Private two-year college in Lebanon, New Hampshire, United States

Lebanon College was a two-year private not-for-profit college located in Lebanon, New Hampshire. It was founded in 1956, and closed in 2014, due to financial difficulties. In 2015 Lebanon College facilities and certain programs were purchased by the public community college system of New Hampshire. After renovations to the main academic building, the Lebanon campus of River Valley Community College opened in January 2016.

Lebanon College had been approved by the New Hampshire Post-secondary Commission to offer the associate degree, and was certified by the State of Vermont Department of Education, Office of Postsecondary, to offer programs and courses in that state. The college was accredited by the American Council of Independent Schools and Colleges (ACICS). The Radiography Program at Lebanon College was accredited by the Joint Review Committee on Education In Radiologic Technology (JRCERT).

==History==

Founded in 1956, the college grew slowly, adding academic programs over several decades. Originally lacking a campus, academic programs were scattered and held wherever space could be found. In 1997, Donald Wenz was named the college's tenth president, and launched a "Campaign for Renewal" to purchase and renovate the old Woolworth's building in downtown Lebanon. The building was made into the main campus center for the college. In 2008 a second 11000 sqft building, to house the new and existing health and science courses and programs, was acquired. That same year, bachelor's degrees in nursing and radiography were authorized by the State. Students will enter the new 4-year degrees in 2009.

In 1980 a small endowment of $100,000 was fund raised. In 2006, on the institution's 50th anniversary, the college launched a "Campaign for the Future", an effort to raise $3 million to establish an endowment. Former surgeon general C. Everett Koop was the campaign's honorary chairman until his death in 2013.

The college closed at the end of the 2014 academic year.

==Academics==
Lebanon College offered associates in art degrees in six areas: Fine Arts, Early Childhood Education, Criminal Justice, Photography and 3-D Medical Imaging. The college also offered several associates in business degrees, in Accounting, Management and Computer Information Science. An associate of science in Radiography, as well as bachelor's degrees in Nursing (RN - BSN) and Radiography, were also offered.

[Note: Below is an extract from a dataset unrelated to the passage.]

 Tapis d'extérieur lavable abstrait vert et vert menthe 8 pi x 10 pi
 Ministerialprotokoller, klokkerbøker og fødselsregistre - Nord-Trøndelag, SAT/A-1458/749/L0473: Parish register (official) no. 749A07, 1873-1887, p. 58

A number of certificate programs in similar areas of study were offered.

==Campus==
Lebanon College's main campus was located at the heart of the city of Lebanon's downtown area, in the Historic District. The main campus housed academic and business offices, classrooms, science labs, an ETS computer testing center, student commons, the library, and computer labs. Although the college offered most courses and programs at the main campus, other off-campus locations included Dartmouth-Hitchcock Medical Center, several other Upper Valley hospitals, and Lebanon High School.